7 Responses to “Inner Work Part 7: The Perfection Trap”

  1. Jennie 21 August 2010 at 9:02 am #

    Thanks for this article. I am SO familiar with the beast called Perfectionism. This really helps me to see the whole picture, especially the list of qualities of attention. I love your image of observing the butterfly- and not nailing it down. That will stay with me a long time.

  2. Greg 21 August 2010 at 8:52 pm #

    I lived most of my life trying to be perfect. Not knowing it was a cover for the real me and being asleep. Not wanting to deal with the fear and feelings that are just under the surface, a reality that I had little experience with.
    Living in the NOW, the present moment really removes my fears and anxieties. The now makes life much easier to deal with fear and anxieties that may arise through trying to be perfect. Life is such a great adventure!! Worth living authenticly more and more everyday. It can be a big job some days.
    Greg

    • Teresa Dietze 22 August 2010 at 1:07 pm #

      Thank you Greg and Jennie for your comments. They make a huge difference and motivate me to write!

      Your insights and feelings can be a tremendous support to others.

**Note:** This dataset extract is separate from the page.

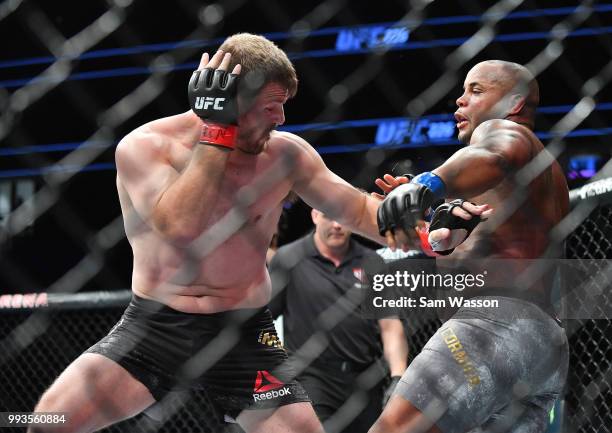 Stipe Miocic throws a punch against Daniel Cormier during their heavyweight championship fight at T-Mobile Arena on July 7, 2018 in Las Vegas,...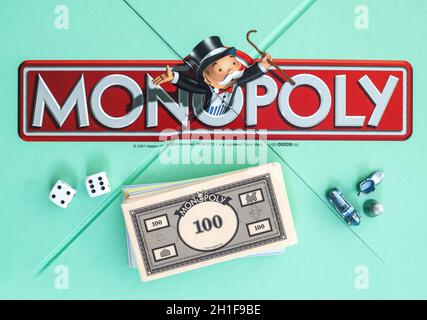 SWINDON, UK - JUNE 11, 2014: English Edition of Monopoly showing The Logo,  The classic trading game from Hasbro was first introduced to America in 19 Stock Photo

  3. Greg 3 September 2010 at 8:38 am #

    Looking at the stuff of humanity that is not the good and great stuff really gets us in touch with being complete and that acceptance brings us into our true being. Accepting that we are all humans and that we are all experiencing what everyone else is experiencing, creates the connection. With out the connection we are not in touch with who we really are and tend to be on a self detructive path, including the earth in that path.

    • Teresa Dietze 3 September 2010 at 1:50 pm #

      Absolutely, Greg! Embracing our humanity is one of the MOST POSITIVE things we can do. It leads to ever more loving states so much more quickly than trying to escape from who we are.

  4. Shannon 9 September 2010 at 11:12 pm #

    Thank you again Teresa for a great post.

    Personally I feel perfectionism is a form of self terrorism. The need to always be a certain (enlightened) way leads, invariably, to a disappointment with who I am. Funny thing – the “disappointed me” is the ego.

    I actually love this because every time I feel I need to be better, or perfect I sense a strong discord and am brought back to a closer proximation of rwho I am

    • Teresa Dietze 10 September 2010 at 10:19 am #

      I love your comment Shannon! A visceral description of the way it works, demonstrating clear comprehension of the post, good self-observation skills, and a laudable willingness to share for the benefit of others. Thank you.